The Cabinet has approved a draft treaty between South Africa and the Democratic Republic of Congo (DRC) for the development of the Grand Inga hydro-electric project, says Cabinet spokesperson Jimmy Manyi.
The Inga hydro-electric project on the Congo River could become the largest hydro-electric project in the world, and is expected to generate a massive 40 000MW of electricity - more than the current electricity generation in South Africa.
At a briefing in Pretoria on Wednesday, Manyi said the project had the potential to supply clean and cost-effective hydroelectric power to meet the needs of the DRC and surrounding or nearby countries, including South Africa.
"This project entails the development of approximately 40 000MW of hydropower on the Congo River in the DRC which may be developed in several stand-alone phases," Manyi said.
The purpose of the treaty was to develop an enabling framework, linking the DRC and South Africa into the Grand Inga Project, and allowing for the two countries to jointly explore different economically feasible options for the development of the project.

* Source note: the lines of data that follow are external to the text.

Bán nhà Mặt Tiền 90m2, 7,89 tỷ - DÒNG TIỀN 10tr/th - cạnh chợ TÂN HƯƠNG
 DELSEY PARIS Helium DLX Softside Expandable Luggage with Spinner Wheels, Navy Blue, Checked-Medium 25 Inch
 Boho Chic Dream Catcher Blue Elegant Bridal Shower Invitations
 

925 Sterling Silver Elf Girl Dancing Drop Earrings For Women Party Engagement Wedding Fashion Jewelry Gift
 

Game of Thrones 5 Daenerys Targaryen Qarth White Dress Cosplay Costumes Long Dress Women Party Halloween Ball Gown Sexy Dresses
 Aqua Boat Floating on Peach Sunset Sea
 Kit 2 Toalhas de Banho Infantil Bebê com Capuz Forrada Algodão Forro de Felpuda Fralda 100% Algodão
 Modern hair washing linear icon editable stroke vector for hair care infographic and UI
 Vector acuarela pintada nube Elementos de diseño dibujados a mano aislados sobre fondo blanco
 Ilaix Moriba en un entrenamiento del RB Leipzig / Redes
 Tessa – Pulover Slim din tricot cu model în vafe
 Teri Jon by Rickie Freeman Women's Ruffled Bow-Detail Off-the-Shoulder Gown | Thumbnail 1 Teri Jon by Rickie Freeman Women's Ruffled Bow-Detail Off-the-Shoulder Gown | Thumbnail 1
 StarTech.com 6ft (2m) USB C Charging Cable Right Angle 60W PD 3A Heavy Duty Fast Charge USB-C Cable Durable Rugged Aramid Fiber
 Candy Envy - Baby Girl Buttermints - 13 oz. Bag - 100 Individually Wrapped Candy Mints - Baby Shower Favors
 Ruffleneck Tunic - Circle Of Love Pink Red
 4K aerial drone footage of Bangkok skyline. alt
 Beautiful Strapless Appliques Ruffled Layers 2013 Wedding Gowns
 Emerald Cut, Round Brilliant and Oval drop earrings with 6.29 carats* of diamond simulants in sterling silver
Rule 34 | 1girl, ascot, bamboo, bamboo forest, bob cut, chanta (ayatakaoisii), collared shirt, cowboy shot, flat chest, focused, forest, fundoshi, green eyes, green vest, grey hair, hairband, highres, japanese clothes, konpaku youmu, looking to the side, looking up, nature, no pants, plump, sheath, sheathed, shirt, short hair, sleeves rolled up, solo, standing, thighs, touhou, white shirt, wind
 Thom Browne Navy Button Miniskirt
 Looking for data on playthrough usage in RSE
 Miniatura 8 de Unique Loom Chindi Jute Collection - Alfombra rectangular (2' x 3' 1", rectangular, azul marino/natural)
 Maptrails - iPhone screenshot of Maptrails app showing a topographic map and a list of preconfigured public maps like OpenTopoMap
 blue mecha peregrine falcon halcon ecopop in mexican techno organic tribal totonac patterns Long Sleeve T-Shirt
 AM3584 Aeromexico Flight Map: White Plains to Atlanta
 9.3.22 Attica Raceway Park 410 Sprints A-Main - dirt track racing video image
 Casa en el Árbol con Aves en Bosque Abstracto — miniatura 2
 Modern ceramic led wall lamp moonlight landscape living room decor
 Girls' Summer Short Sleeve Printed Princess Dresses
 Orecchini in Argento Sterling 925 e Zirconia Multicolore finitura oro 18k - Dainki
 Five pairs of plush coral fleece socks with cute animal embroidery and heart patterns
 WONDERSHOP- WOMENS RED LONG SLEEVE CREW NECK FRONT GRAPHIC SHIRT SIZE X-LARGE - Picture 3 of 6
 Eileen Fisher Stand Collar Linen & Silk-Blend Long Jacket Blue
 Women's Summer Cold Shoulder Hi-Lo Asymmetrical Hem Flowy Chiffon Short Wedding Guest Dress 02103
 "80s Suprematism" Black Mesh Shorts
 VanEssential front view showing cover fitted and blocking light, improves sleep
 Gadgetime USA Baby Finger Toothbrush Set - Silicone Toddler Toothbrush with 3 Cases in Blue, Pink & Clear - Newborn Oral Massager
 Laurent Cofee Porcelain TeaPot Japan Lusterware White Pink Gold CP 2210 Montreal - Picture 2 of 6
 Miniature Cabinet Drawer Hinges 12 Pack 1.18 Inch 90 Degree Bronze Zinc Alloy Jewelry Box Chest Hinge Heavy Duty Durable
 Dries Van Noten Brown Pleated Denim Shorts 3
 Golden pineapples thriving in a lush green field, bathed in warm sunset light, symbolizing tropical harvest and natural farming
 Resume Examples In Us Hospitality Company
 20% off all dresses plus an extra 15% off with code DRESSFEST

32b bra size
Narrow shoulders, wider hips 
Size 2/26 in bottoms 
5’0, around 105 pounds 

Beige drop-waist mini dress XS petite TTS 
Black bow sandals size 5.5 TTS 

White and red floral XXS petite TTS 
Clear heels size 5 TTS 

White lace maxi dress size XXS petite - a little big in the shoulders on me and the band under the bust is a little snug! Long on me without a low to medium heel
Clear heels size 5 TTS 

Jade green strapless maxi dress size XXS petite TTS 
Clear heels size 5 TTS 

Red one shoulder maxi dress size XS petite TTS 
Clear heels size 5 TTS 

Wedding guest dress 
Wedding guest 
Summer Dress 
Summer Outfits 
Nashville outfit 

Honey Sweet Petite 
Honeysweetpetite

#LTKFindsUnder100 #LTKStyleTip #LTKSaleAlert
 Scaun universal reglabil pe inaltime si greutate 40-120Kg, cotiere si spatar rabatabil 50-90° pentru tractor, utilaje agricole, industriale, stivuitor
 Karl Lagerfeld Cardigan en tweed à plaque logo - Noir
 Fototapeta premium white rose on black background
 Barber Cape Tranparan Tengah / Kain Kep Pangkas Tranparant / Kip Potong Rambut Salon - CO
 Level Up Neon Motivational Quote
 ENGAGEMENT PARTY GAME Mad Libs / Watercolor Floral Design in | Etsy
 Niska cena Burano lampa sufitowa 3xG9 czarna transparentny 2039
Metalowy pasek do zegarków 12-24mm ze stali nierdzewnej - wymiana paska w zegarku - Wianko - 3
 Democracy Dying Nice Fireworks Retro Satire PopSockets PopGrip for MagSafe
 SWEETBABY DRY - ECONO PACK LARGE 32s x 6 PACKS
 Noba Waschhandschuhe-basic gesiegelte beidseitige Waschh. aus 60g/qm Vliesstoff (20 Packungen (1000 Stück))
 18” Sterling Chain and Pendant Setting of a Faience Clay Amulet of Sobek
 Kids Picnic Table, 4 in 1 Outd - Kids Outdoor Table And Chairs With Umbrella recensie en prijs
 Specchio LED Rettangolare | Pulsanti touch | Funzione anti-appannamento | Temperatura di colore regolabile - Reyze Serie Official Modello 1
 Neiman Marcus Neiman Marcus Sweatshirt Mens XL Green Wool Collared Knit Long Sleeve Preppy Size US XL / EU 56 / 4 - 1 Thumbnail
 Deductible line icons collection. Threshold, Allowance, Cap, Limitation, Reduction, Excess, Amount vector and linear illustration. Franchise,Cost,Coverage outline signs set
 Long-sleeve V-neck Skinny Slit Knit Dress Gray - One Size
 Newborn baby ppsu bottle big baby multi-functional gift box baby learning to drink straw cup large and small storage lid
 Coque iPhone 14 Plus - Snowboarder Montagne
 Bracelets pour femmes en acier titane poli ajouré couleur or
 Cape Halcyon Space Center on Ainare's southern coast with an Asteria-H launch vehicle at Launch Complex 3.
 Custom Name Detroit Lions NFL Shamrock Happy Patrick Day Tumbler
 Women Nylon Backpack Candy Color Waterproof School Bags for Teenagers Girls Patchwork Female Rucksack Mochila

Manyi said the two countries should also engage and source support for the project from other countries in the continent, especially those in the Southern African Development Community (SADC).
"The project will form part of South Africa's government strategy to promote renewable energy in the region, contribute to a reduction of carbon emissions, ensure security of supply and to develop energy infrastructure on the continent and the SADC region in particular."
On Tuesday, the Department of Energy's deputy director-general, Thandeka Zungu, said that after receiving approval from the Cabinet, the treaty would go to the DRC.
She said the envisaged hydropower project had a potential to change the face of the African energy sector, enhancing access to clean and efficient energy across the continent and contributing significantly towards low-carbon economies and economic development.
According to South Africa's Integrated Resource Plan, a 20-year projection on electricity supply and demand, about 6% of electricity generated in the country will be required to come from hydro resources.